We are closed in, and the key is turned
On our uncertainty; somewhere
A man is killed, or a house burned,
Yet no clear fact to be discerned:
Come build in the empty house of the stare.

A barricade of stone or of wood;
Some fourteen days of civil war;
Last night they trundled down the road
That dead young soldier in his blood:
Come build in the empty house of the stare.

We had fed the heart on fantasies,
The heart’s grown brutal from the fare;
More substance in our enmities
Than in our love; O honey-bees,
Come build in the empty house of the stare.

/States Heaney/ “I have heard this poem repeated often, in whole and in part, by people in Ireland over the past twenty-five years, and no wonder, for it is as tender minded towards life itself as St. Kevin was and as tough-minded about what happens in and to life as Homer. It knows that the massacre will happen again on the roadside, that the workers in the minibus are going to be lined up and shot down just after quitting time; but it also credits as a reality the squeeze of the hand, the actuality of sympathy and protectiveness between living creatures. It satisfies the contradictory needs which consciousness experiences at times of extreme crisis, the need on the one hand for a truth telling that will be hard and retributive, and on the other hand, the need not to harden the mind to a point where it denies its own yearnings for sweetness and trust.”

In short, Heaney states we must remember the murderous – the very unsympathetic realities. There is also the marvelous – the ability of humans to connect and restore. Both are completely true. And both are messy.

Interrupting a cycle of identity politics

In theory, finding our identities in our common humanity – not our tribe, family, etc.-  help people see each other as humans worthy of respect and dignity.

In theory, telling the truth about the past identity-based violations allows a culture to mourn, show remorse, decide who they want to be going forward, and take those steps (hopefully those are steps that lead to flourishing).

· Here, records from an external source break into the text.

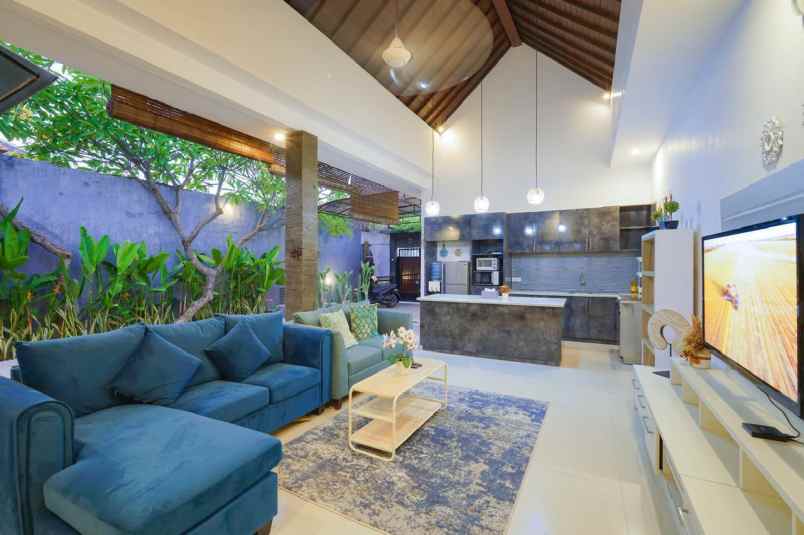 cozy private villa for rent in seminyak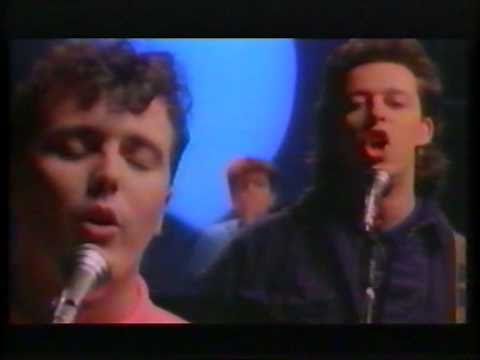 Tears For Fears – \”Everybody Wants To Rule The World\”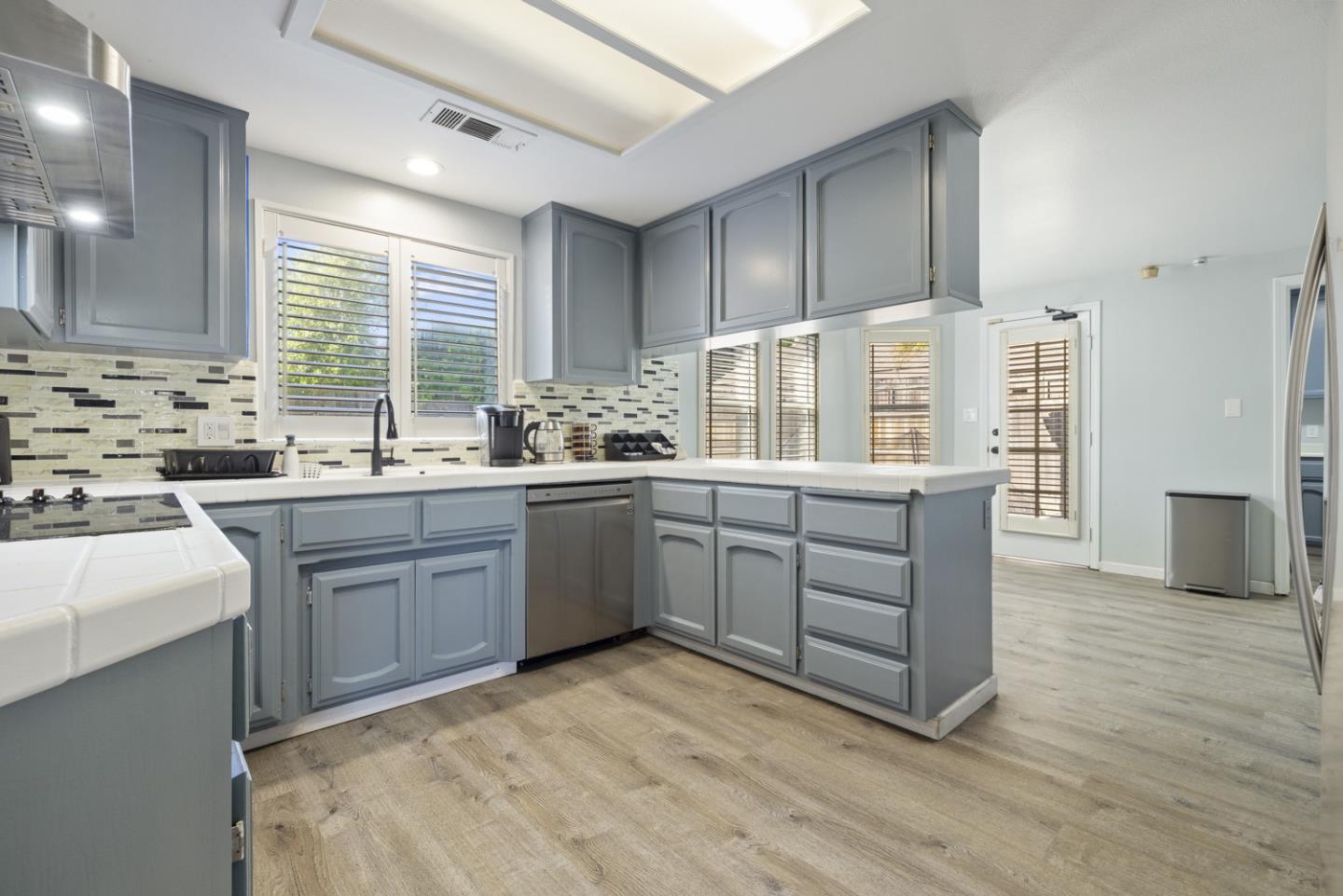 Detail Gallery Image 10 of 40 For 2604 Snyder Ave, Modesto,  CA 95356 - 3 Beds | 2 Baths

It practice, it’s messy and highly emotional. Identity politics are.

The tidal wave of anger & shouting

Some people’s identities are so firmly rooted in unhealthy places – a victim (who may have become the aggressor) or aggressor (who now claims victimhood). It should be no surprise that the crazy-making actions of the past have literally driven some people crazy – that is, beyond the ability to have civil conversation about the past, to become unstuck, let alone remember correctly and fairly.

I have met and been wounded by these people too. I know how easy it is to get drawn in and become part of the shouting! Thankfully it’s often just shouting or shunning. Too many areas of the world quickly escalate to violence.

To the extent I can (and one can’t always control it), I will not let crazy people veto my health or the health of communities I care about. There are some people who can work together. Truth and light at the right time can interrupt cycles of violence. Maybe not today. Maybe in a decade. But it can and does happen around the world when people seek health.

Let’s be specific about the U.S.

Lest I hear, “Now you’re meddlin’,” I’d like to give my own examples:

1. My father was a Vietnam veteran Air Force pilot who bore the deep burden of unhealed wounds from that war. Families go to war, not just soldiers. How does one think about healing when the evidence around you shows “wounds don’t heal and that’s ‘normal.’?”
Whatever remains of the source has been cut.